▶ **What you have to do**: Would you repeat the listing below exactly, with no pictures in it?

▶ **Information supplied**:
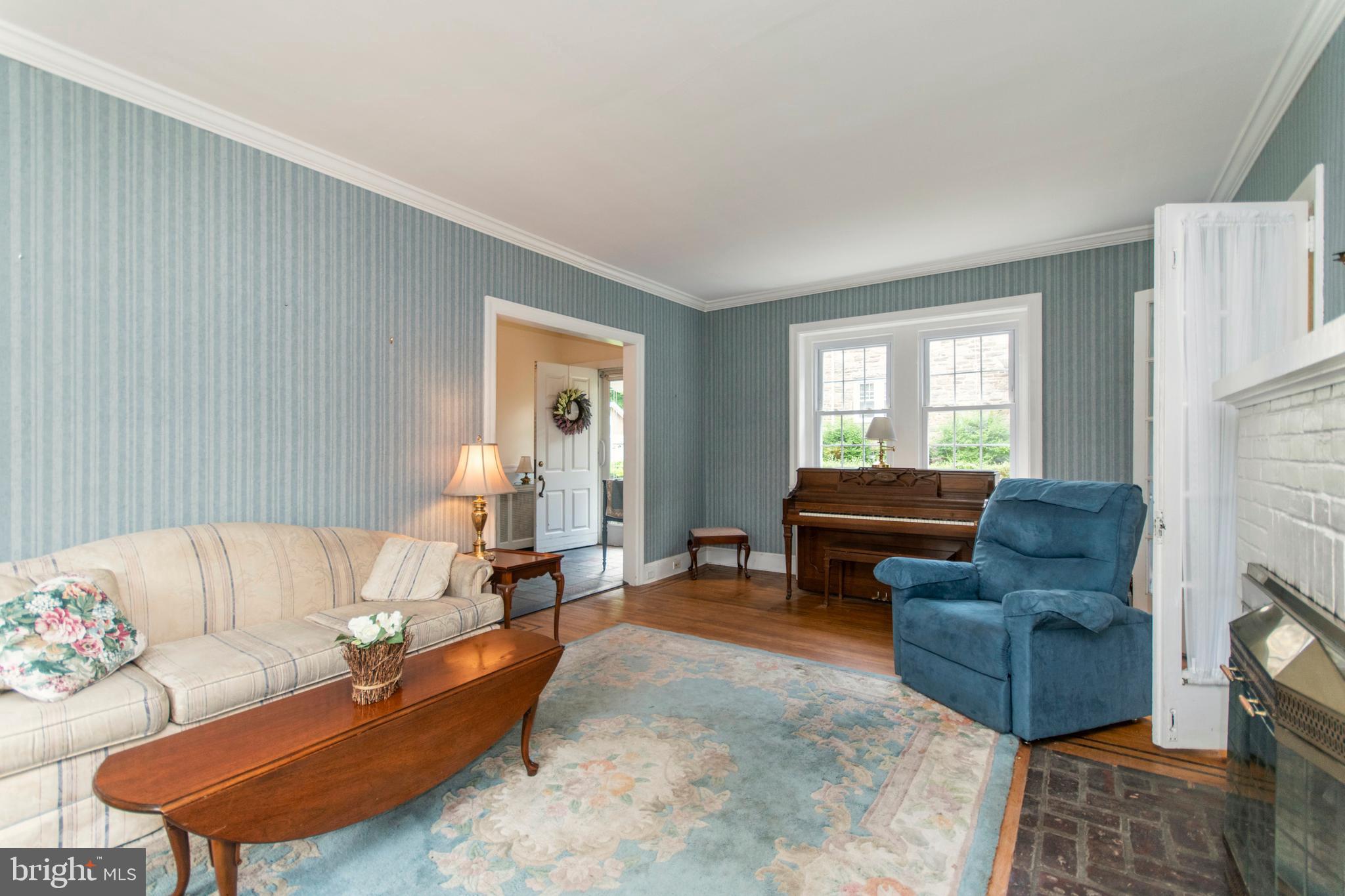 139 Township Line Road Jenkintown, PA 19095 - Photo 7 of 17 Living Room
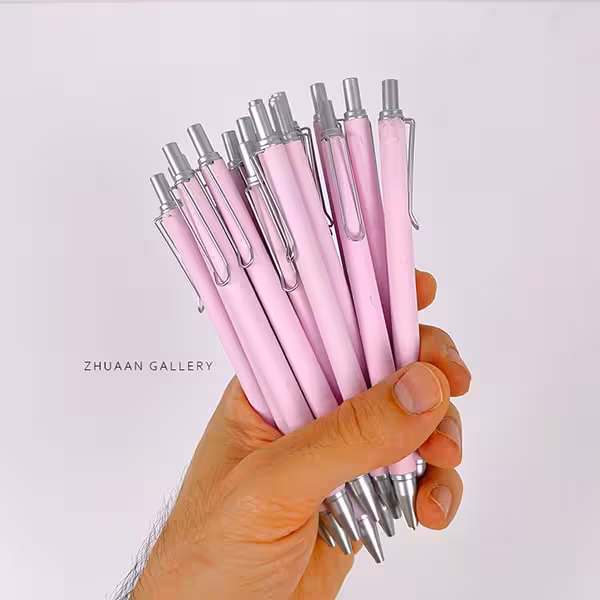 اتود صورتی پاستلی مینیمال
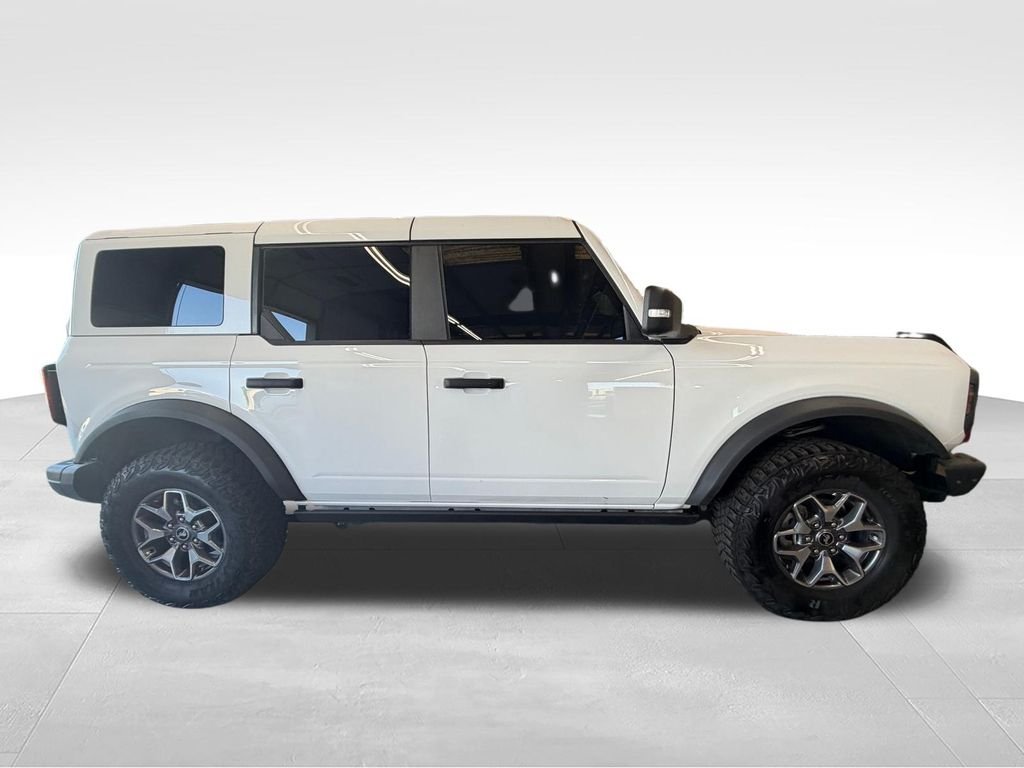 Used 2025 White Ford Badlands image 7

▶ **Solved problem**:
 139 Township Line Road Jenkintown, PA 19095 - Photo 7 of 17 Living Room
 اتود صورتی پاستلی مینیمال
 Used 2025 White Ford Badlands image 7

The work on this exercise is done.